Naturalmente, no logro el propósito, si no que al contrario me sumerjo en la danza de estas letras, y no puedo evitar evocar la imagen de un cuerpo femenino desnudo, siendo seducido y atacado con paciencia y sutileza por las manos fuertes y poderosas de un hombre amante. Mi vista se dirige a la ventana; la luna, con su luz prestada, se fue acostando a mi lado, haciendo juego perfecto con la melodía que escapaba como gotas gruesas de las bocinas de mi ordenador portátil.
No encendí las luces, entre la luna del párrafo anterior y la luz del monitor se hizo suficiente, ¿para qué más? Sigo pensando en la melodía repetida e in crescendo de la pieza y mi imaginación insiste en una danza saturada de belleza. La ecualización del sonido es perfecta para la ocasión, y entre las circunstancias de la noche, Ravel se iba convirtiendo en un drama perverso de piel y manos, mientras la madrugada entraba en mi habitación por varias horas.
Las manos del hombre empiezan lerdas, pero nada torpes… En mi mente todo esto ocurre y, sin embargo, no estoy erotizada, ni mucho menos, estoy maravillada con los instrumentos de la orquesta. Flauta, violín, saxo alto... ¡todo! en un tempo necio y obsesivo que repite y repite como gemido de mujer. Gemido alegre, que invita a insistir hasta el estallido y el estruendo. Evoco la silueta despertando, girando de derecha a izquierda, la mirada de un alegre oscuro y los labios cenizos.
Son catorce minutos de perfección, cadencia, gimo y alegría. Cualquier dueto de amantes bien podría resignificar esta herencia de Maurice, decido, o quizá es el fruto del insomnio y las horas locas de la noche. Mientras, debo bajar el volumen de mis parlantes, Boléro va aumentando la presión sobre el cuerpo de la mujer, la de mi cabeza, e insisto, no me siento para nada erotizada, entonces entiendo todo: Boléro es femenina. ¡Boléro es mujer!

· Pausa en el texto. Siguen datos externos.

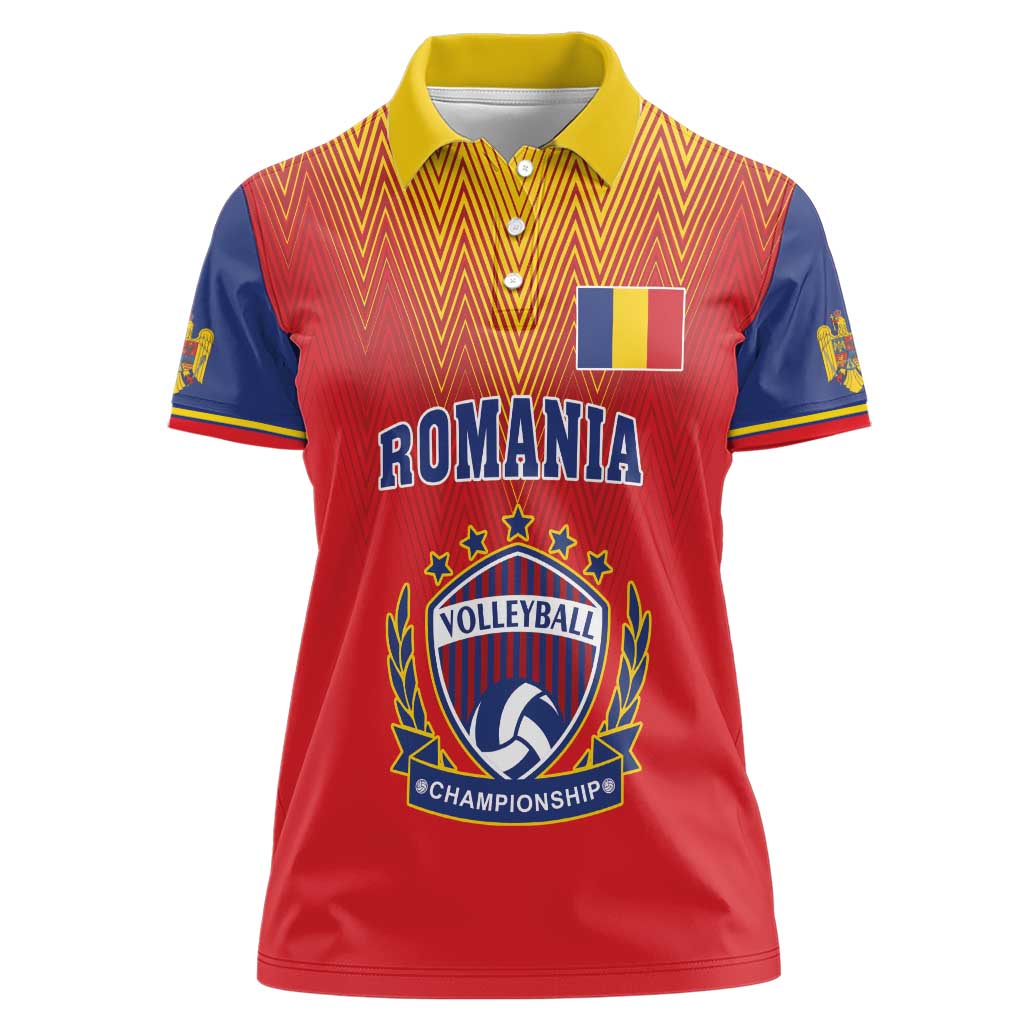 Custom Romania Volleyball Women Polo Shirt Sporty Style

Pude ver sus pies, sus delicados tobillos, lo grácil de sus pantorrillas y las coquetas líneas de sus muslos. Luego se volvió más que obvio que en un momento la pieza había llegado al vientre materno, donde bullía toda suerte de promesas e hijos. Maurice había construido el cuerpo de una mujer en forma de melodía, o yo, en mi insistencia con la belleza del cuerpo femenino, terminé descubriendo en ella, la obra, la anatomía de una doncella mitológica.
He amado a Boléro desde muchos años. La he escuchado en distintas interpretaciones, una mejor que la otra -para mi gusto-, todas hipnotizantes, sin embargo. Nunca pude entenderlo como ahora, en que puedo asegurar que la mujer de mi imaginación, la mujer Boléro, está desnuda, escondida y expuesta –al mismo tiempo- en cada nota musical. Tanto es así, que al finalizar el último minuto, las manos de hombre que imaginé al inicio ya ni existen, han perdido toda razón y sentido. Esta melodía es definitiva y únicamente femenina, es mujer y no tiene nada más que curvas y contornos de hembra.
Al final, cuando estallan unísonos los saxos, las trompas y trompetas, la mujer lo ha hecho igual, en un orgasmo que ha surgido justo desde las plantas de los pies hasta su corazón.